→ **WHAT THE TASK ASKS**
Nothing but an exact copy of the listing should appear in the response.

(GIVEN RECORDS Opens)

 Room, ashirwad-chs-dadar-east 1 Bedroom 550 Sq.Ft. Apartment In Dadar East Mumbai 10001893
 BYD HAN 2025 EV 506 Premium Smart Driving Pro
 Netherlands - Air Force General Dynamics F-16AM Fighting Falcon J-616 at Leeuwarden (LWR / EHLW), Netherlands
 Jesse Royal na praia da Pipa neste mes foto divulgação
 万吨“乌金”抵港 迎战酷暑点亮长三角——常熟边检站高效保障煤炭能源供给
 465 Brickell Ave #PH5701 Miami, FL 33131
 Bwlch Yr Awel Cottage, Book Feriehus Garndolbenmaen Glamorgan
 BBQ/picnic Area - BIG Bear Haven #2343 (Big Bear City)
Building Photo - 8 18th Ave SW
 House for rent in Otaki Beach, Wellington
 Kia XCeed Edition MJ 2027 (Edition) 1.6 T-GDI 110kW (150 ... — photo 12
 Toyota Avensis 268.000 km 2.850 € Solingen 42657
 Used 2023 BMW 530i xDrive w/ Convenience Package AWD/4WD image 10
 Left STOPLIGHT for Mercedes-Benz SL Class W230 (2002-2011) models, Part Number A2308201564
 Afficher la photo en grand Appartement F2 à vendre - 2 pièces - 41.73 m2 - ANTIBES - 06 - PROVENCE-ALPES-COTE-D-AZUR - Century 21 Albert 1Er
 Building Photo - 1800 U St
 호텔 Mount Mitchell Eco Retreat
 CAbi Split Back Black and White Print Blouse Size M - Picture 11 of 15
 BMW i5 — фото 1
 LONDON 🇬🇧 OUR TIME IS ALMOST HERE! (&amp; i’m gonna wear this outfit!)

(GIVEN RECORDS Closes)

→ **RESULT BELOW**
 Room, ashirwad-chs-dadar-east 1 Bedroom 550 Sq.Ft. Apartment In Dadar East Mumbai 10001893
 BYD HAN 2025 EV 506 Premium Smart Driving Pro
 Netherlands - Air Force General Dynamics F-16AM Fighting Falcon J-616 at Leeuwarden (LWR / EHLW), Netherlands
 Jesse Royal na praia da Pipa neste mes foto divulgação
 万吨“乌金”抵港 迎战酷暑点亮长三角——常熟边检站高效保障煤炭能源供给
 465 Brickell Ave #PH5701 Miami, FL 33131
 Bwlch Yr Awel Cottage, Book Feriehus Garndolbenmaen Glamorgan
 BBQ/picnic Area - BIG Bear Haven #2343 (Big Bear City)
Building Photo - 8 18th Ave SW
 House for rent in Otaki Beach, Wellington
 Kia XCeed Edition MJ 2027 (Edition) 1.6 T-GDI 110kW (150 ... — photo 12
 Toyota Avensis 268.000 km 2.850 € Solingen 42657
 Used 2023 BMW 530i xDrive w/ Convenience Package AWD/4WD image 10
 Left STOPLIGHT for Mercedes-Benz SL Class W230 (2002-2011) models, Part Number A2308201564
 Afficher la photo en grand Appartement F2 à vendre - 2 pièces - 41.73 m2 - ANTIBES - 06 - PROVENCE-ALPES-COTE-D-AZUR - Century 21 Albert 1Er
 Building Photo - 1800 U St
 호텔 Mount Mitchell Eco Retreat
 CAbi Split Back Black and White Print Blouse Size M - Picture 11 of 15
 BMW i5 — фото 1
 LONDON 🇬🇧 OUR TIME IS ALMOST HERE! (&amp; i’m gonna wear this outfit!)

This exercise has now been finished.